Art Exhibit ~ Doug Welch

Sam Lena-South Tucson Library invites you to an exhibit by local artist Doug Welch, on display until September 23, 2024.

Artist Statement:

I have been interested in illustrating my thoughts, images from my imagination and reconstructing real and imagined events since I was in grade school. I have had a growing fascination for different techniques and media and am always interested in giving those a try. Viewing this retrospective, I can clearly see the artists I was emulating at various phases like Edward Hopper, van Eyck, Botticelli, Bosch, Rembrandt, Goya, Ingres, JL David, Cezanne, Duchamp, Dali, Picasso, Gerhard Richter and many more; although with my idiosyncratic style and flawed execution, maybe viewers aren’t able to see the influences. I feel like all the works you see either capture a mood or feeling or tell a story.

 
I started off doing drawings and pencil art before I was given an opportunity to paint in high school. Capturing contours, describing shapes and attempting to represent weight and heft have been challenges I have focused on in one way or another.
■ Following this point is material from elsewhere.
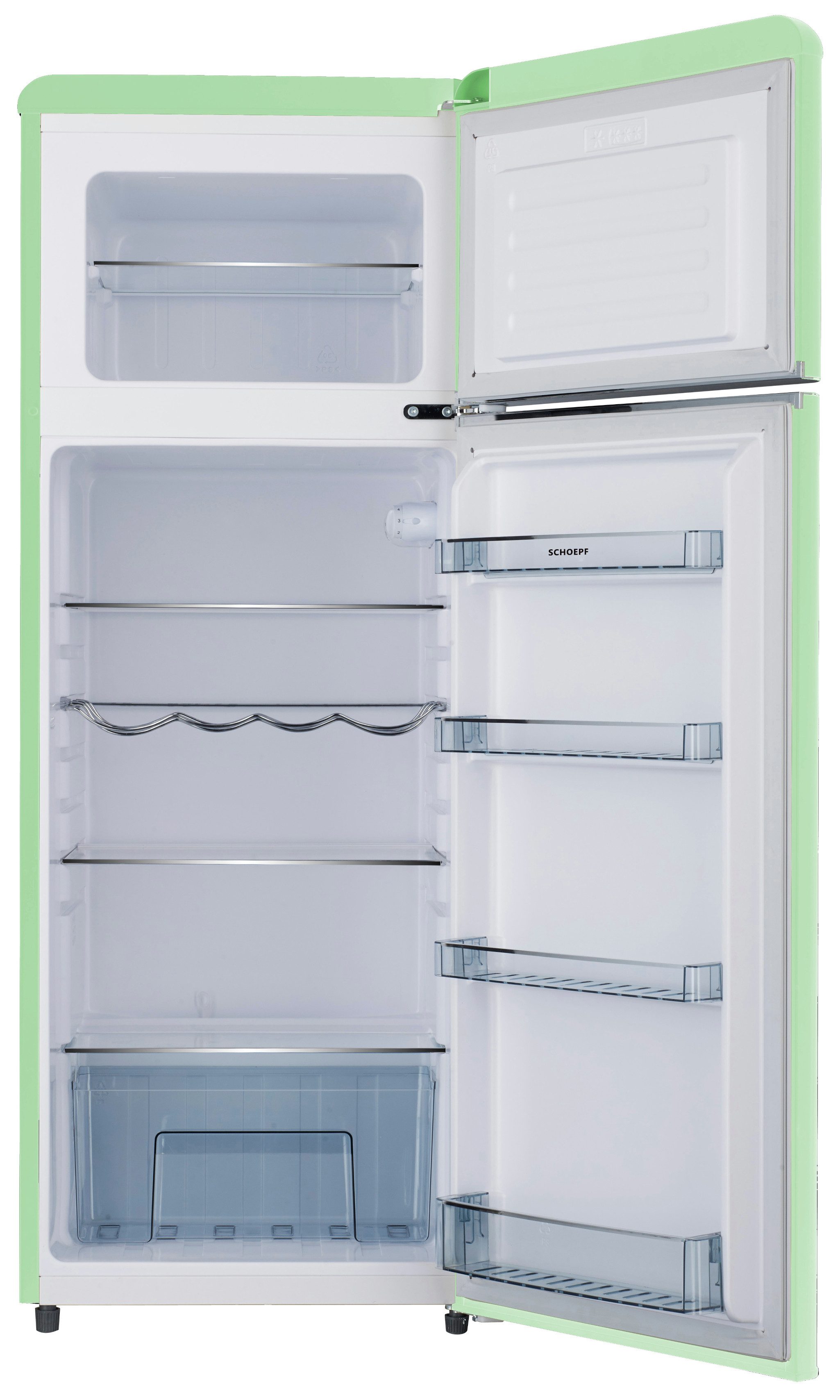 SCHOEPF Kühl-/Gefrierkombination RKG218DSG, 145,60 cm hoch, 54,50 cm breit, LED-Beleuchtung, Retro-Design, 211 Liter Nutzinhalt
I would not describe myself as a colorist, but that facet of art is something I continue to work on. In college, I took life drawing and oil painting classes while studying and receiving a degree in Political Science.  It took me time to tackle the human form as a subject and I have been working on portraits for decades and still want to do more. Surveying the economic and human damage around me during the dawn of the postmodern 1990s made me want to retreat into art where I developed my illustration skills while learning graphic design. Other opportunities arose from working at art supply stores as a salesclerk and a picture framer and display designer where I got to interact with art students and artists and discussed techniques and philosophy. From 2000 to 2005 I worked for National Geographic Maps at their San Francisco office as a digital cartographer and packaging designer before becoming a freelancer.
 
Looking across the decades and seeing the pictures assembled here, the only unifying theme seems to be that I was into whatever I was into. Art history has always informed my work beginning with learning about the career of Pablo Picasso at the time of his death on a news segment made for children. Additionally public TV series such as Shock of the New and Ways of Seeing were massive influences on how I perceived, viewed and did art. Additionally, within art history, artists whose work touched on social and political themes have resonated with me. In this regard, outspokenly political artists and street artists have been my guides such as Pablo Picasso, George Grosz, Surrealists, Dadaists as well as artists who have exhibited a kind of social gospel like the Realists and Van Gogh and more recently, Banksy.
 
My own work has evolved as I have stretched myself to take on new techniques and new media. Overall I have moved from abstract work to illustrations and most recently I have been working on a graphic novel about the Ancient Rome. Most of my recent work has been illustration for friends’ music projects. Looking forward, I have plenty of unrealized projects that are in progress and love meeting other artists to talk about work and influences.
 
Finally, I want to thank some folks. Art instructors who really influenced and encouraged me were Danny Adams and Mike Almaguar. Rob Gibson and Alissa Mach are friends who encouraged and pushed me. And this exhibit would not have been possible without encouragement from Marisol Norzagaray and essential help from Cornelia Jensen.